Lufthansa Takes Germanwings Under Its Wing | Business| Economy and finance news from a German perspective | DW | 09.12.2008
  1. Inhalt
  2. Navigation
  3. Weitere Inhalte
  4. Metanavigation
  5. Suche
  6. Choose from 30 Languages


Lufthansa Takes Germanwings Under Its Wing

No-frills airline Germanwings will become a direct subsidiary of airline giant Lufthansa from 2009, moving away from regional carrier Eurowings. The move is expected to enable the charter company to grow even further.

Respective company logos on Germanwings and Lufthansa jets

Germanwings is heading for further growth under the Lufthansa umbrella

Regional carrier Eurowings has announced that it has sold its stake in German budget airline Germanwings to Lufthansa.

"After a successful start-up phase, the building work on the low-cost airline is completed," said Eurowings chief executive Friedrich-Wilhelm Weitholz. Eurowings developed Germanwings from its charter division in 2002.

"Eurowings can now increasingly focus on its core business in the regional segment," Weitholz said.

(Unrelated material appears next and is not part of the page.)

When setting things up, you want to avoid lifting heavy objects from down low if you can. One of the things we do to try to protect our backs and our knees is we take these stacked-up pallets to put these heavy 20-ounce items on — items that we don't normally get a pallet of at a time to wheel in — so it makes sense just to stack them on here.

Cement entrepreneur Albrecht Knauf, founder and co-owner of Dortmund-based Eurowings, is selling his 50 percent share in Germanwings to Lufthansa. The deal takes effect from Jan. 1, 2009. Terms of the agreement were not disclosed.

The sale would mean "no immediate changes" for the airlines' operational activities, Weitholz said.

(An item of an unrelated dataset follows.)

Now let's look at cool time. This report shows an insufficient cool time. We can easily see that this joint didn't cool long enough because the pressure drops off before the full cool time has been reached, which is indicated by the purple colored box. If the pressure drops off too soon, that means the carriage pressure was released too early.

Germanwings will grow from within

Lufthansa holds a 49 percent stake in its affiliated regional operation Eurowings, although it already has management control of the carrier. It is in the process of acquiring majority ownership.

Friedrich-Wilhelm Weitholz in front of a Germanwings logo

Friedrich-Wilhelm Weitholz will be moving to the Eurowings supervisory board

Up to now, Germanwings has been a full subsidiary of Eurowings. Lufthansa will operate Germanwings under the umbrella company Lufthansa Commercial Holding.

Germanwings management spokesman Thomas Winkelmann called the takeover "a clear signal that Germanwings should play an important role" within Lufthansa.

According to Winkelmann, Germanwings will continue to grow from within.

"Our tactic is not to merge with other airlines by hook or by crook," Winkelmann said. He said he saw potential for growth in inner-German traffic, but above all for flights to Eastern Europe.

Germanwings currently has a fleet of 25 Airbus A319. In 2007, it transported some 8 million passengers, an increase of 12.5 percent from the previous year. Sales totaled 630 million euros ($808 million), up 12.7 percent.